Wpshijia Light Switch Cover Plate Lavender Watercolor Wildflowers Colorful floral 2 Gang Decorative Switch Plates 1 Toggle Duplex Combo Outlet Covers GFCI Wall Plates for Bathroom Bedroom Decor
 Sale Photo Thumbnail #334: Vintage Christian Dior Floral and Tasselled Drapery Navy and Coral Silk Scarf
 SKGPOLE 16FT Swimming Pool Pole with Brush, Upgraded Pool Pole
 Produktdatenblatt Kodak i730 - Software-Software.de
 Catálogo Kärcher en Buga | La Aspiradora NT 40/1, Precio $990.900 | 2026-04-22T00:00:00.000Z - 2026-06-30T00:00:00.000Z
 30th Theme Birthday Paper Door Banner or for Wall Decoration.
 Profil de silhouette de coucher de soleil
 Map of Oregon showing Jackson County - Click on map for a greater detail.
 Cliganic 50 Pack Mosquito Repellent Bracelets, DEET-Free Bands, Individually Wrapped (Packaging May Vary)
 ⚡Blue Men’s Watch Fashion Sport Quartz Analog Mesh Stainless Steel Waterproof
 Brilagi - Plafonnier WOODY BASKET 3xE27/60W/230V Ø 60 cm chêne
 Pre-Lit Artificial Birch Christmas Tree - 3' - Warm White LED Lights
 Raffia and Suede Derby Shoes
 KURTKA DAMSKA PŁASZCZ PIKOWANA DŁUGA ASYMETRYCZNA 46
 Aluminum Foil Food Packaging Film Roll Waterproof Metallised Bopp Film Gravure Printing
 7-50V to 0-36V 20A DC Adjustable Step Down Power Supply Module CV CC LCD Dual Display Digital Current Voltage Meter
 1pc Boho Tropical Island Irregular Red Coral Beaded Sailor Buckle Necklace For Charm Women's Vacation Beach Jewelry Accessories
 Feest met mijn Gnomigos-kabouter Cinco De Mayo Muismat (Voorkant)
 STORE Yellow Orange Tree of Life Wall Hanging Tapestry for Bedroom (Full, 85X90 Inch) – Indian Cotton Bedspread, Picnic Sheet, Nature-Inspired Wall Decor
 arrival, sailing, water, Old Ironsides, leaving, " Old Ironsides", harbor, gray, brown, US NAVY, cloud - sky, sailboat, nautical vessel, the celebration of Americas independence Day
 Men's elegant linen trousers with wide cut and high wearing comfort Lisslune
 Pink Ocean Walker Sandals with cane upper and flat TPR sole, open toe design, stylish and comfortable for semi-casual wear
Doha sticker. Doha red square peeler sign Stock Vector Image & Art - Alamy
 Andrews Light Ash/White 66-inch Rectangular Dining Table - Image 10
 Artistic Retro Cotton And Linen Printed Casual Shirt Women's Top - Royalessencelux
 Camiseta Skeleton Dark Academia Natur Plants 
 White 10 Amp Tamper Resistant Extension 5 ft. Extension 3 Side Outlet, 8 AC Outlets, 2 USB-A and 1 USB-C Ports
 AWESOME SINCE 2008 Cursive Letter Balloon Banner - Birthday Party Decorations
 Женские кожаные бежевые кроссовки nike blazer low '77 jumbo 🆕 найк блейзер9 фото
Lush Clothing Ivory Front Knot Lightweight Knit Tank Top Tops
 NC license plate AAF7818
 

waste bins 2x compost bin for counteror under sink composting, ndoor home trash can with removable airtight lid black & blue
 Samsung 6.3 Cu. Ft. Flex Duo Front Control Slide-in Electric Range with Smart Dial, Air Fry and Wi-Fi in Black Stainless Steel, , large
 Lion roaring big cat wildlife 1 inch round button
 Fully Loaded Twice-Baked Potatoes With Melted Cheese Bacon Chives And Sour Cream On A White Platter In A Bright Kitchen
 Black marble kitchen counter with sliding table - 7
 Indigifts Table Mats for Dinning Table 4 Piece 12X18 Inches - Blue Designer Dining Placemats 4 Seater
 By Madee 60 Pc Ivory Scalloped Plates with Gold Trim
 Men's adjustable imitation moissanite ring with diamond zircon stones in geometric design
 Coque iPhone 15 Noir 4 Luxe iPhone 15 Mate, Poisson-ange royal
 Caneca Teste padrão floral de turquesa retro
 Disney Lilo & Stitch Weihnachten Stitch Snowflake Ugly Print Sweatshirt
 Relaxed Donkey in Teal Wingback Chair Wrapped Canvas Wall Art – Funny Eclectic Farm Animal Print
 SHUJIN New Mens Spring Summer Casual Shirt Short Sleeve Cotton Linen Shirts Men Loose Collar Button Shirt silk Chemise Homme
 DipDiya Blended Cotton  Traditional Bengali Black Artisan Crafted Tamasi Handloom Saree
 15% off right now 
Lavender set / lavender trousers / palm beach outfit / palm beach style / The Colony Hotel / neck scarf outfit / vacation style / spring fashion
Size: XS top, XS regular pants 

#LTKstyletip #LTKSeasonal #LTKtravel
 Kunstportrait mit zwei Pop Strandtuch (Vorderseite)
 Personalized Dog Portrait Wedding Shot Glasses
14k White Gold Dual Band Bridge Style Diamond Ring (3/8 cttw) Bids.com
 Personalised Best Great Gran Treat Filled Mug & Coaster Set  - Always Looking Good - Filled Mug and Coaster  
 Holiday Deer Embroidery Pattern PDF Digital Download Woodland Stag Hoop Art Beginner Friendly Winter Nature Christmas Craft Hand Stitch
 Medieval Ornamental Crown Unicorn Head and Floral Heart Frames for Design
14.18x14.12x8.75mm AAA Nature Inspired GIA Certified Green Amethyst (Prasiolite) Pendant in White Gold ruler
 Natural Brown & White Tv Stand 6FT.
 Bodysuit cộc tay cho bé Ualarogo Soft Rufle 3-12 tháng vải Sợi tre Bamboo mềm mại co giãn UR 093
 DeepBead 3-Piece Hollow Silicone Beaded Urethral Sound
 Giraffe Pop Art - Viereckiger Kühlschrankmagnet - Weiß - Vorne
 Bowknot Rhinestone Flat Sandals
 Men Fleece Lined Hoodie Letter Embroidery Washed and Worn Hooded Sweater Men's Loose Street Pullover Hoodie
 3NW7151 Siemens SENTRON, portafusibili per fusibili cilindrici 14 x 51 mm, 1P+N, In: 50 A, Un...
★ ★ ★
Goal of the exercise:
Look back at the entries above and repeat, unchanged, every line from the line holding "Personalised Best Great" through the line holding "Natural Brown & White Tv Stand 6FT.".

Output below:
 Personalised Best Great Gran Treat Filled Mug & Coaster Set  - Always Looking Good - Filled Mug and Coaster  
 Holiday Deer Embroidery Pattern PDF Digital Download Woodland Stag Hoop Art Beginner Friendly Winter Nature Christmas Craft Hand Stitch
 Medieval Ornamental Crown Unicorn Head and Floral Heart Frames for Design
14.18x14.12x8.75mm AAA Nature Inspired GIA Certified Green Amethyst (Prasiolite) Pendant in White Gold ruler
 Natural Brown & White Tv Stand 6FT.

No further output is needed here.